My form of overwriting came from
something one of my instructors called “temporal linearity.” I tended to
instruct the reader on how a character got from one place to another, in a
linear fashion, just as I had provided comprehensive details in business
writing. Of course, fiction readers need enough information to make logical
assumptions, but they don’t need to be led by the hand.
For example, if one scene ends with
“Sara” telling her boyfriend she’s going to the library, you can insert a break
and begin the next scene in the library. Unless it’s germane to the story, the
reader doesn’t need to know how she got in the car, backed out of the driveway,
and drove down the street to get to the library where she had to drive around
the block three times looking for a parking space. I wasn’t quite that bad, but
I did overwrite some scene transitions in my first draft.

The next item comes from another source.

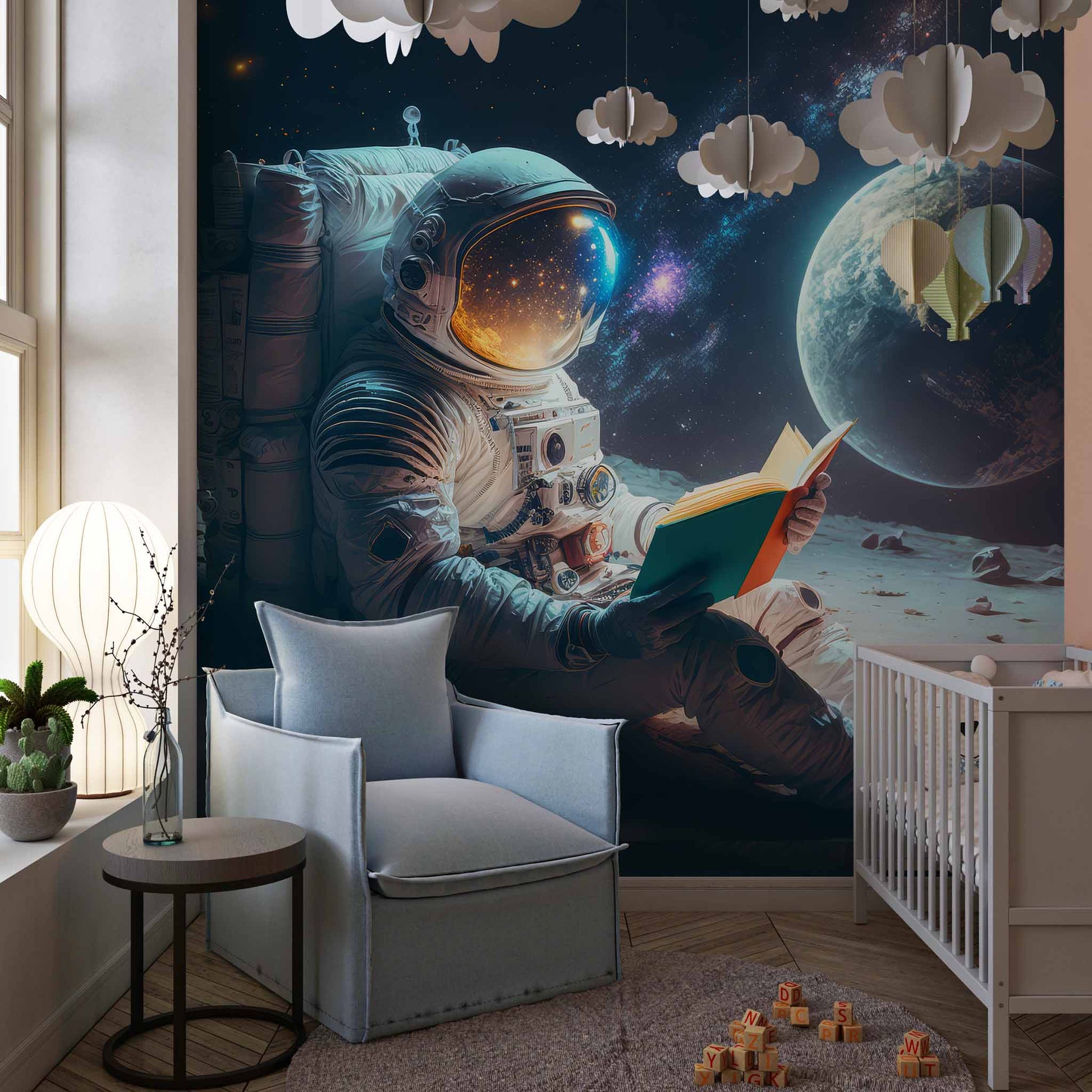 Astronaut Reading a Book on the Moon Wallpaper | YU-10020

Mostly as a reminder to myself, I
developed “Raegan’s Rules to Avoid Overwriting.”
1.
Trust
your readers to figure out how Sara gets to the library.
2.
Practice
writing six-word stories and other forms of micro fiction where you have to
tell a story within a strict word limit: writers should spend words like gold.
3.
Read
your work aloud. If it sounds boring, it is.
4.
Hire
a good editor—listen and learn.
5.
Keep
writing and eventually you’ll overcome inexperience.
6.
Continue
to overwrite, and you risk arrogance.
Perhaps all I really needed to do was re-read Leonard’s
10th Rule of Writing.
Yes, it's so easy to provide unnecessary details about physical transitions, but what about emotional ones? Understanding what not to write is key to good writing, and after six novels, that's something I'm still working on.